The bone provides body support, facilitates movement, protects vital organs, and transmits sound inside the ear^[1]. It’s a composite connective tissue of organic and inorganic phases. Its inorganic phase is close to hydroxyapatite, and the organic phase comprises type I collagen fibres, water and other essential proteins. Bone defect is usually caused by high-energy trauma, bone tumors, infection, or congenital deformity^[2]. In orthopedic clinic, biological and synthetic bone grafts are usually used to repair bone defect. These grafts are categorized into autografts, allografts, and xenografts^[3-4]. Current clinical challenge of using autografts and allografts in the regeneration of large bone defects has inspired the development of bone tissue engineering^{[1,5⇓⇓⇓⇓-10]}. At present, synthetic bone grafts are mainly made of calcium phosphate ceramics and widely used for bone regeneration in dentistry and orthopedics. Calcium phosphate ceramics have excellent biocompatibility, osseointegration and osteoconduction^[11-12]. Among them, tricalcium phosphate (TCP), especially β-tricalcium phosphate (β-TCP, β-Ca₃(PO₄)₂), has constantly been explored and applied in bone tissue regeneration for excellent biodegradability^[13⇓-15]. Nevertheless, pure β-TCP ceramics have uncontrolled degradation rate and no pro-angiogenesis effect, which is not conducive to tissue regeneration at the defective site.

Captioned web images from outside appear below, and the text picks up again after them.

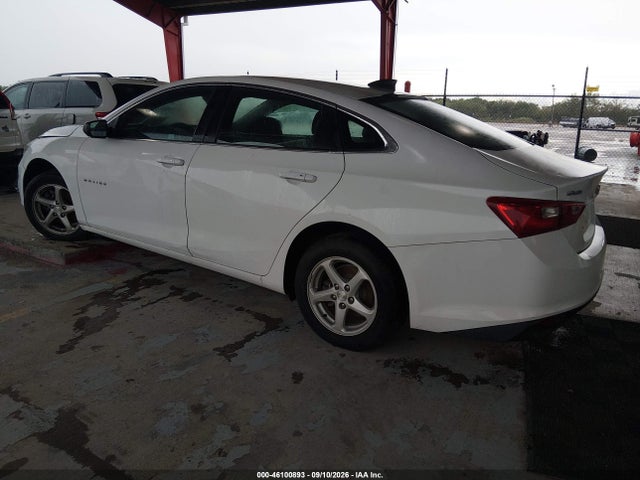 2017 Chevrolet Malibu Ls მანქანა იყიდება აუქციონზე, vin: 1G1ZB5ST8HF193599, აუქციონის ნომერი: 46100893
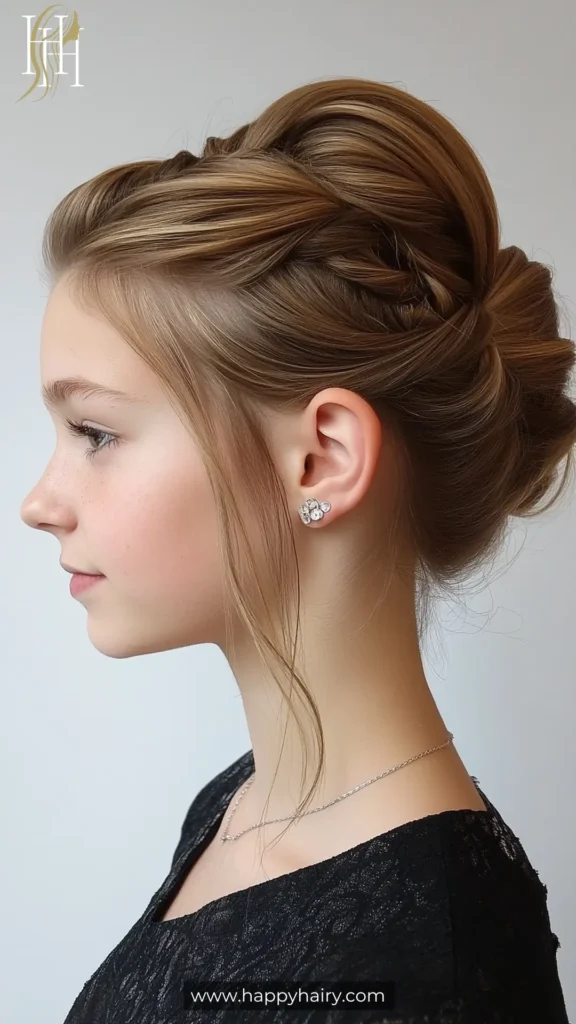 Prom hairstyles for medium length hair 20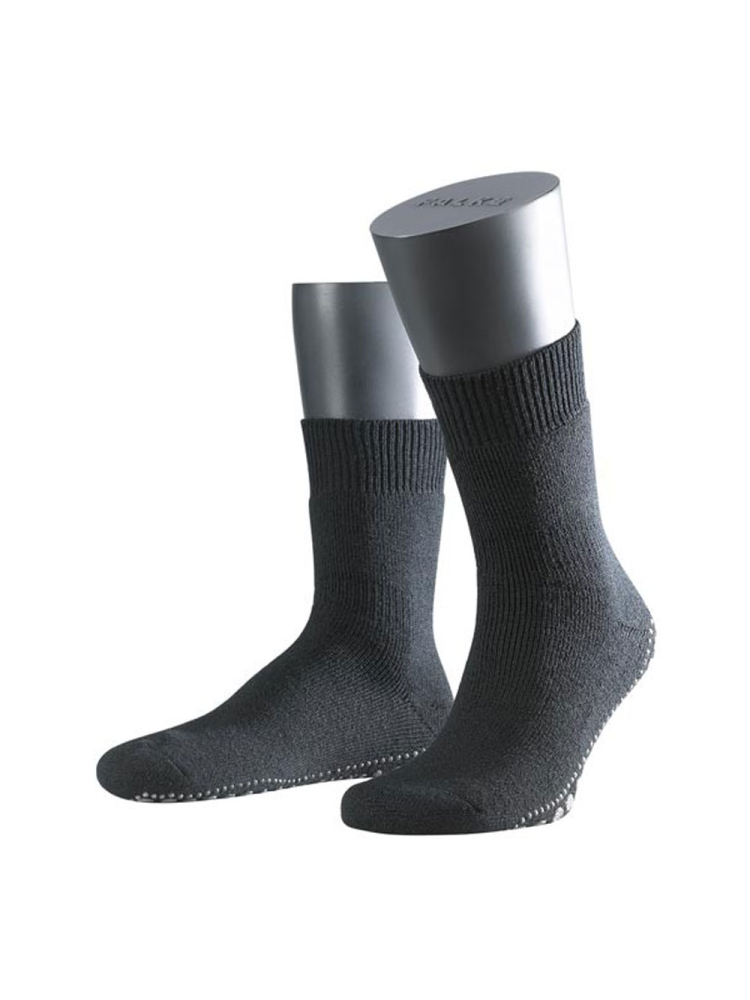 Falke Homepads Zwart 16500-3000 pantoffels en huissokken online bestellen bij Kathmandu Outdoor & Travel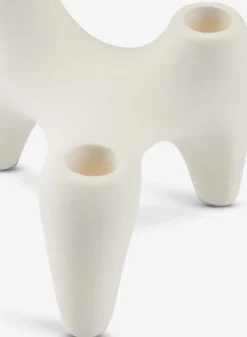 VIGNIRChandelier VIGNIR l13xL16xH15cm blanc cassé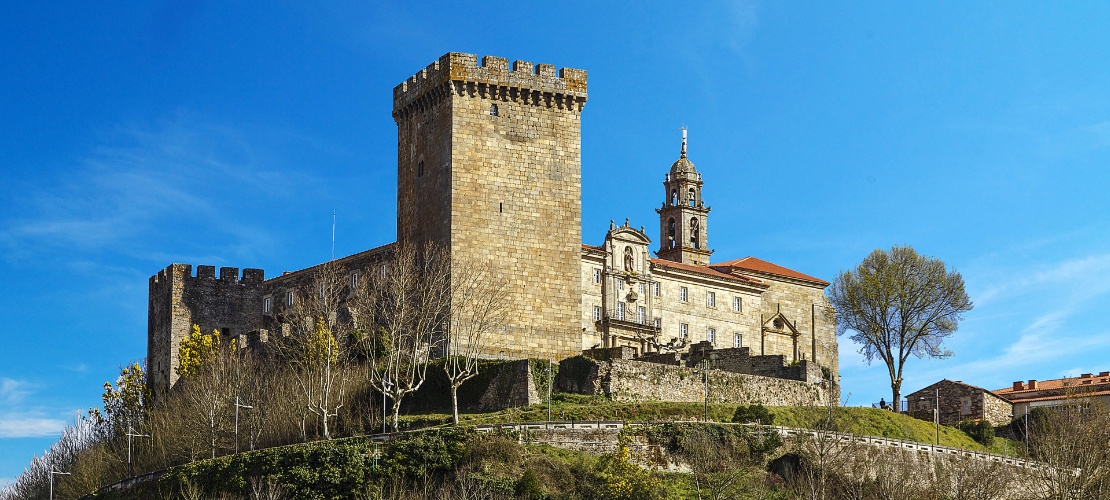 Monument ensemble of San Vicente del Pino in Monforte de Lemos, Lugo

Partially substituting or doping ions in the β-TCP can improve its biological properties^{[16⇓⇓⇓⇓⇓⇓⇓⇓⇓-26]}. Magnesium ions have received much attention from researchers due to the unique biological properties. There are growing evidences that magnesium ions, released from magnesium- containing bone repair materials after implantation, can promote bone tissue regeneration in areas of bone defects and accelerate healing of bone injuries^[27]. In addition, magnesium enhances the expression of vascular endothelial growth factors, which plays a central role in vascular development. Therefore, there is a non-negligible role for magnesium in promoting angiogenesis. It is strengthened because magnesium can directly promote blood vessel growth under ischemic conditions^[28]. Numerous studies have shown that bone repair materials containing magnesium promote both osteogenesis and angiogenesis^[29⇓-31]. However, these effects of magnesium ions are strongly concentration dependent. Moderate amounts of magnesium ions promote the mineralization of bone marrow mesenchymal stem cells (BMSCs), while excess magnesium ions inhibit the mineralization^[32]. Therefore, the right amount of magnesium ion release for bone implant materials is crucial for bone tissue regeneration and functional reconstruction. Furthermore, previous studies have shown that introducing magnesium into an existing biocompatible matrix material can further promote tissue regeneration in the defect^[33]. The combination of β-TCP with magnesium matrix materials can regulate the degradation and further enhance the ability of angiogenesis^[30-31].

Another critical factor to consider for bone implant materials is the shape of the material. Compared to powder materials and block ceramics, microspheres with good fluidity are less prone to agglomeration, and have a point contact between microsphere particles. When spherical particles fill the bone pore cavity, the spaces between their particles can constitute interconnected macropores, conducive to the growth of cells, bone tissue and blood vessels^[34-35]. Based on the above, we think different dopant concentrations of trimagnesium phosphate (TMP) in TCP affects angiogenesis and bone regeneration. The pore structure on the surface of the microspheres is conducive to the growth of blood vessels so as to provide oxygen and nutrition for bone regeneration, further promoting tissue regeneration in the area of the bone defect.

Therefore, we prepared a biphasic composite microsphere composed of TCP and TMP, in which the content of TMP in TCP increased from 0 to 100%, to explore cytocompatibility, osteogenic differentiation, mineralization and angiogenesis of MC3T3-E1 and HUVECs.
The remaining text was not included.